In a couple, money is often a source of tension and conflict. What explains that one is frugal and the other spender? Portrait of a couple comparable to the cicada and the ant.
ABC, 46, of insecure temperament, works hard to earn her precious security. At the age of 25, she had the habit of accumulating an RRSP that today reaches $ 85,000. She accumulates family allowances by transferring them to a monthly RRSP for her children aged 2 years and 6 years.
Her husband John is self-employed in the music business. He lives from contract to contract. The artist pursues his dream even if his bank account suffers martyrdom.
Try to find a job
Recently, a friend heard their thoughts. Good told her how much she deplores the lack of ambition of her spouse. “During his free days, instead of sleeping, John could try to find a job. “
For his part, John denounces the thrifty or stingy side of his wife. “Good is paying for ski trips. Why does not it help me “clear” my credit cards? He wonders aloud.
Insecurity versus recklessness?
A couple is often composed of a cicada and an ant. “Society values people as the intensely working ant.
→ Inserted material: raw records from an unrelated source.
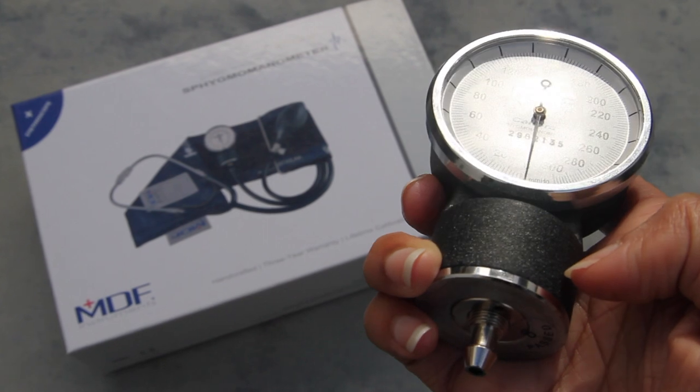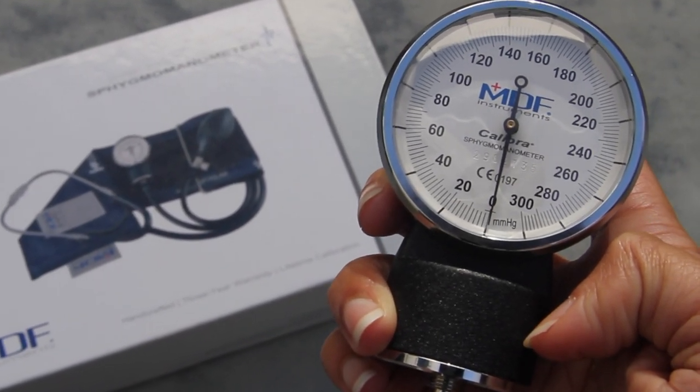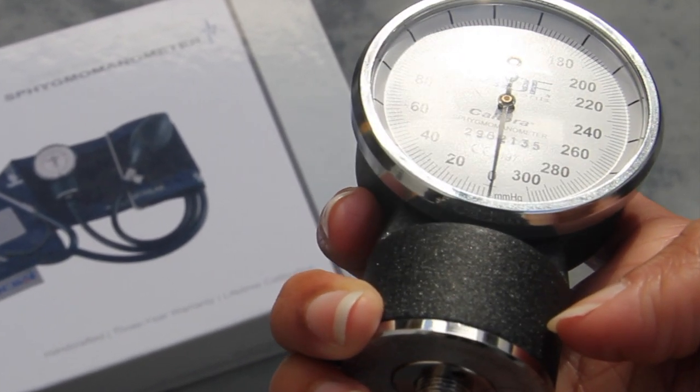To find your sphygmomanometer serial number, look for a 7-digit number printed on the face of your gauge. Remember to tilt the gauge 45 degrees to see the stand.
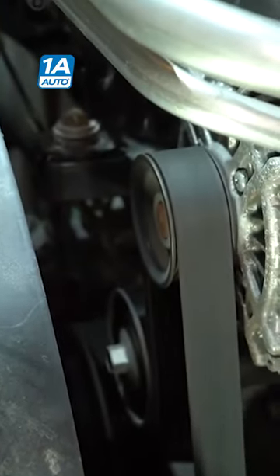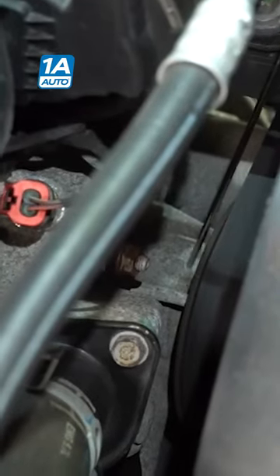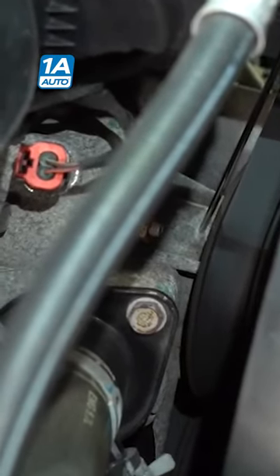I got a lot more noise coming from down near this water pump. The closer I get to where that pulley is, the worse the sound's getting. To me, it looks like I got a good spot to start.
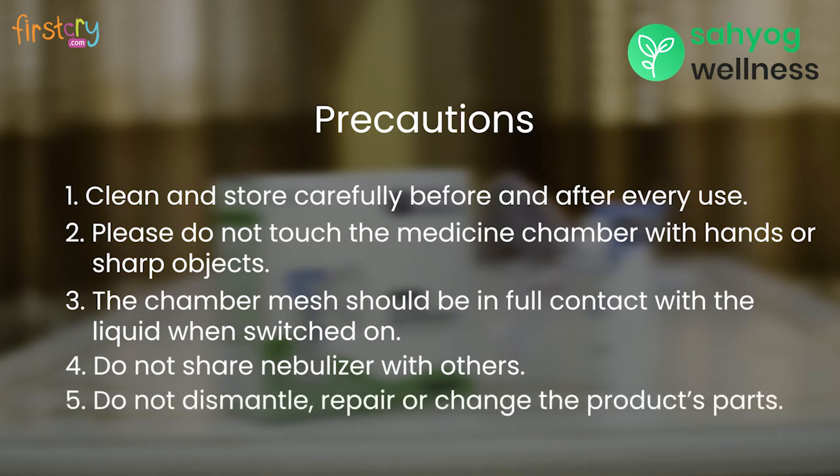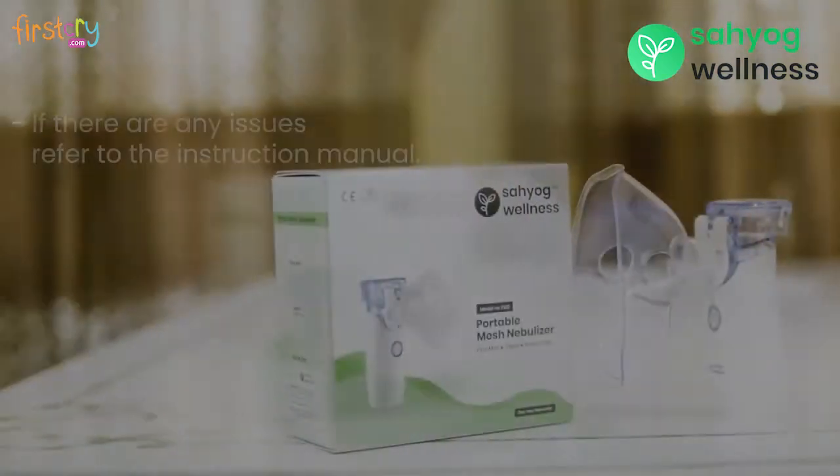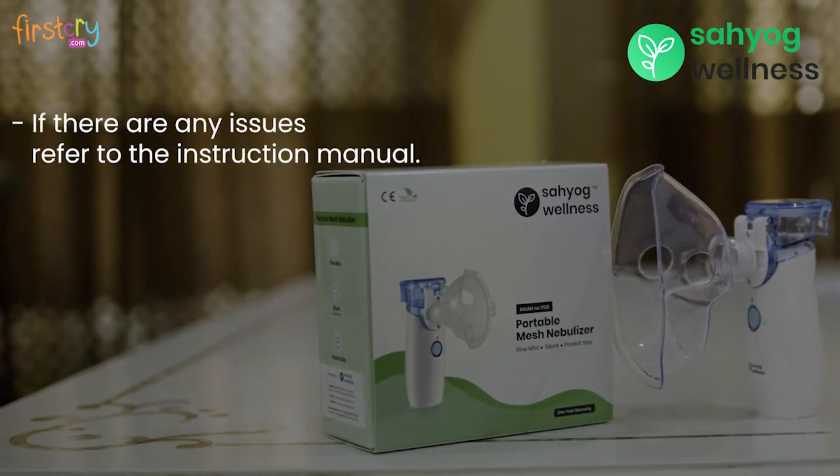It is strictly prohibited to dismantle, repair, or change the product parts. If there are any issues while operating the portable nebulizer, please follow your instruction manual to solve it.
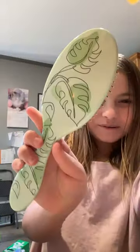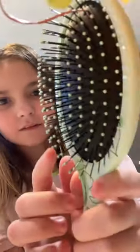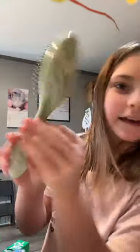Yeah, so cute. It has little leaves on it, and it has little green things — you put your hair in. But I'm not going to brush it. It's like so pretty.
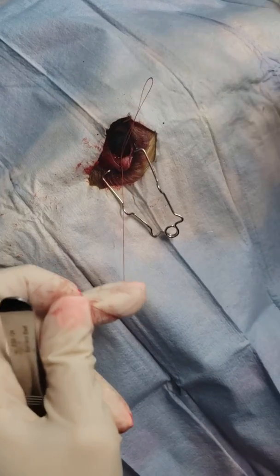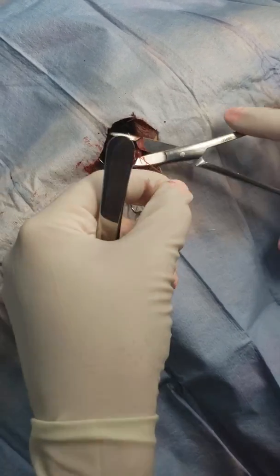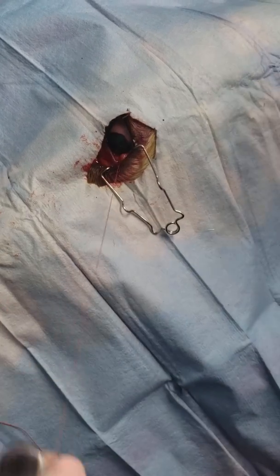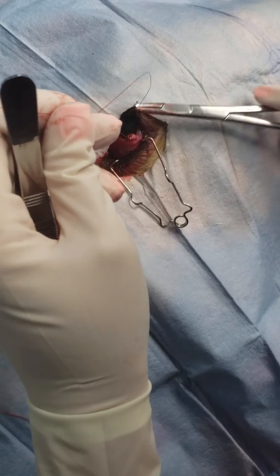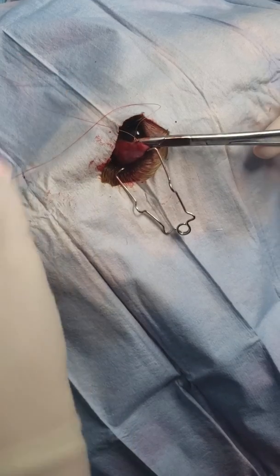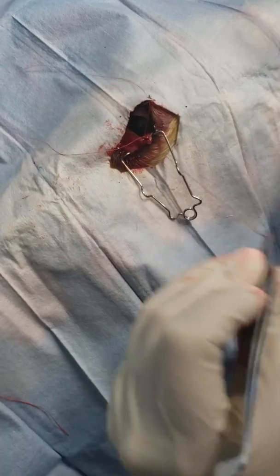Four or five throws. Keep that knot small. Then you come as close to that knot as possible to sink it down and bury it.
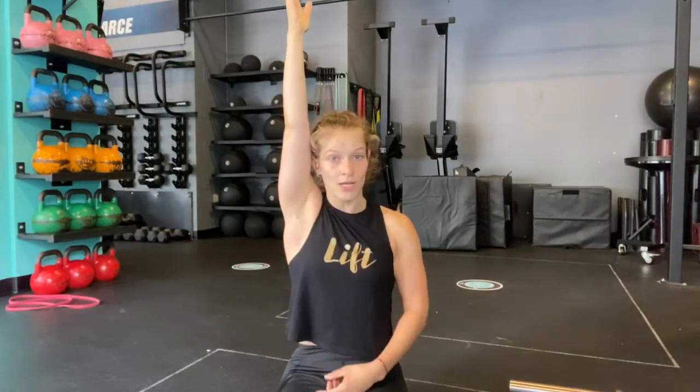Your overhead arm will be exactly as it sounds — it's going to be straight overhead. We want to try to get the bicep in line with your ear, locked out so that tricep is squeezing, and then we're going to focus on that rib cage position.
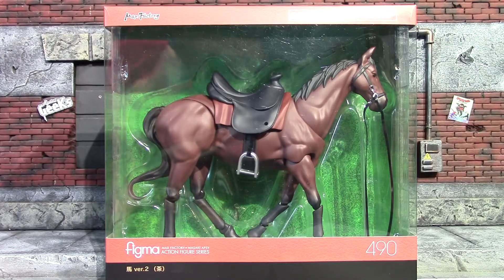Hey, what's up guys, it's me again back with another action figure slash action figure accessory review. Today I will be having a look at this Figma chestnut horse. This is version two because they did do another one that is white — I just like the more classic chestnut looking horse.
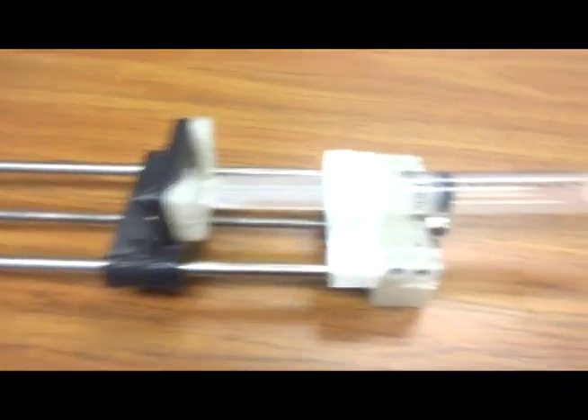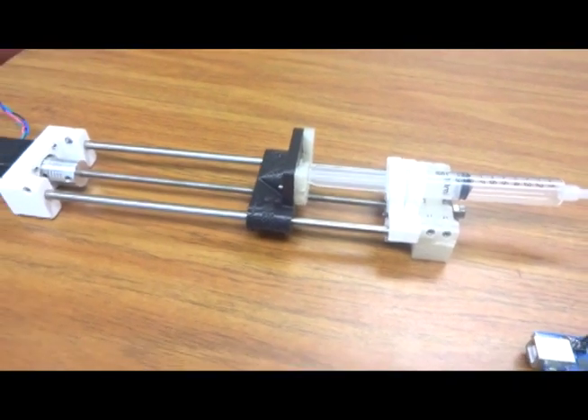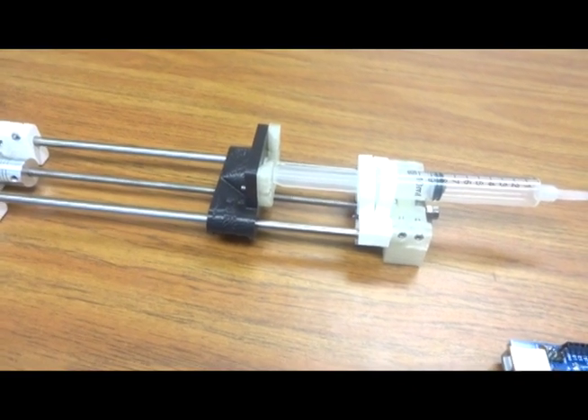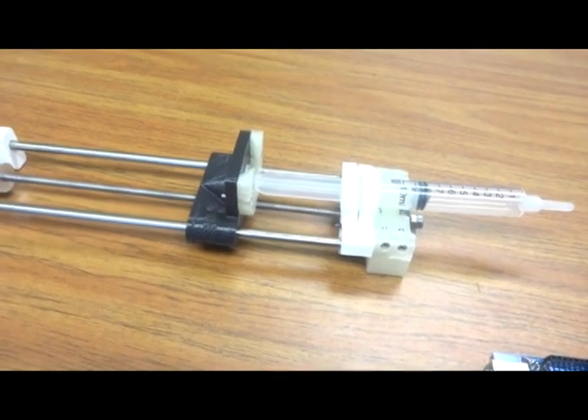You can get more and more complicated and go after more and more expensive equipment. This is an open source syringe pump — basically a linear actuator that we attach to a Raspberry Pi. Syringe pumps go for thousands of dollars, and you can get one that does anything you want, from electrospinning to blood transfusions or even use it for 3D printing itself.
Of insecure temperament, she has a reflex to accumulate and to guarantee a security to her children “, specifies the psychologist Pierre Faubert.
“The ant,” he adds, “rakes more than necessary and leaves no crumbs to the cicada, which reminds the artist of a more carefree temperament. “
Values and control
Psychologist Nathalie Parent describes this duality. “One likes to spend and the other will try to put limits. The search for a balance occurs naturally in the couple if one is at the extreme while the other will try to bring it to the other side as a balance. “
This cicada or ant temperament often comes from family values. Dad was thrifty and mom more expensive or vice versa. In the case of ABC, her family has always been deeply economical scrutinizing the non-essential expenses such as the purchase of new clothes, movies or restaurants. In John’s case, the family, even large, never looked at the expense.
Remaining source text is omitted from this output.